La survie de la banane telle qu'on la connaît dans les supermarchés occidentaux est sérieusement menacée. Détails d'un assaut (qui n'a pris personne par surprise) et portrait d'un ennemi bien connu des autorités.

La banane consommée par les Occidentaux est la Cavendish. Depuis quelques années, plusieurs plantations de l'Australie, de l'Asie et même de l'Afrique ont été frappées par la maladie de Panama, qui détruit tout sur son passage. Si la maladie devait attaquer les plantations de l'Amérique latine, où est produite la majorité des Cavendish, cette belle banane jaune pourrait disparaître à jamais.

Description du suspect

C'est à Cuba, en 1910, que le responsable de la maladie de Panama a été formellement identifié: il s'agit du Fusarium oxysporum f. sp. cubense. L'épidémie qui détruit actuellement les plantations de Cavendish est toutefois une mutation de la maladie de Panama, le TR4. Ce champignon est redoutable puisqu'il peut rester dans le sol très longtemps et voyage avec la terre, sur des équipements agricoles ou même sur les chaussures des travailleurs. Il ne s'attaque qu'aux bananiers, mais les laisse dans un piteux état: l'intérieur de la plante est en bouillie et dégage une odeur fétide.

Crimes précédents

«La meilleure approche pour limiter la migration du TR4 est d'établir des protocoles qui préviendront ou retarderont sa propagation dans de nouvelles régions», explique Augustin Molina, du groupe de recherche Biodiversity International. La maladie de Panama a déjà frappé durement: elle a pratiquement rayé de la carte la banane Gros Michel, il y a 60 ans. La Gros Michel était alors la banane préférée des Occidentaux. Cette extinction a laissé la voie libre à la Cavendish, qui est alors devenue la banane d'exportation de choix, puisqu'elle était résistante à une première forme de la maladie de Panama.

Lent parcours

À la fin des années 60, c'est à Taiwan que la maladie de Panama est réapparue, s'attaquant cette fois... à la banane Cavendish. Il a quand même fallu quelques années avant de l'identifier. Plus tard, durant les années 90, le champignon a frappé les bananes Cavendish d'Indonésie et de Malaisie, puis attaqué les plantations australiennes. On l'a repéré au début des années 2000 aux Philippines et, depuis deux ans, à l'extérieur de l'Asie, en Jordanie, au Pakistan et au Liban. Cette année, le Mozambique a signalé l'arrivée de la maladie dans ses plantations.

Chronique d'une mort annoncée

En janvier 2003, un article publié dans le New Scientist prédisait la mort de la banane Cavendish 10 ans plus tard.
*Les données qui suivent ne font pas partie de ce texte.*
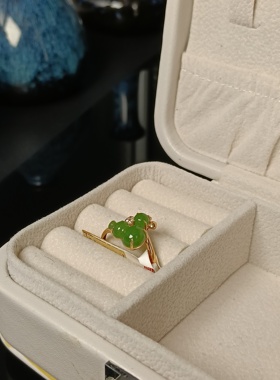 和田玉碧玉俄碧老坑料果阳绿18K黄金加厚金镶玉葫芦戒指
La maladie de Panama frappait alors en Afrique du Sud et l'on estimait que le parasite allait trouver le moyen de se rendre jusqu'en Amérique latine, où poussent les plus importantes plantations de Cavendish. «Je ne crois pas que la Cavendish va s'éteindre complètement», nuance Augustin Molina, qui croit que certains scientifiques profitent de la propagation de la maladie pour prédire un «bananageddon» et subtilement faire la promotion du développement d'une banane transgénique.

Conséquences désastreuses

On oublie parfois que la banane est une denrée essentielle dans plusieurs pays en développement, dit le professeur Gert Kema, de l'Université de Wageningen, aux Pays-Bas, et coauteur d'un article sur la maladie de Panama publié dans le journal Plos Pathogens le mois dernier. Il y a peu d'investissements en recherche pour mettre au point des variétés plus résistantes. «Les ressources sont très limitées, dit-il, surtout si on les compare à celles d'autres cultures.» Et c'est ce qui fait qu'on se retrouve sans banane d'exportation de remplacement, à minuit moins une.

Défi technique

La création d'une banane hybride est compliquée, et si on n'a pas réussi à imposer une variété sur le marché, ce n'est pas faute d'avoir essayé. Les bananes Cavendish ont beau avoir une forme inspirant de bonnes blagues grivoises, elles sont stériles. «La Cavendish commerciale n'a pas de graines, explique Augustin Molina. Plusieurs variétés produites par les fermiers autour du monde, même celles pour consommation locale, n'ont pas de graines.» Cela complique grandement la vie des créateurs de variétés hybrides.

Proie facile

La plupart des bananes du monde sont consommées localement: seulement 15% de la production est destinée à l'exportation. Par contre, cette petite partie est pratiquement totalement constituée de Cavendish. En accaparant tout le marché d'exportation, on a mis en place des plantations de monoculture qui rendent la vie bien facile à un parasite qui peut faucher une plante après l'autre, toujours la même. Il existe des centaines de variétés de bananes dans le monde, mais contrairement à d'autres fruits et légumes, comme les pommes ou les pommes de terre, les épiceries nord-américaines ne tiennent généralement que la Cavendish.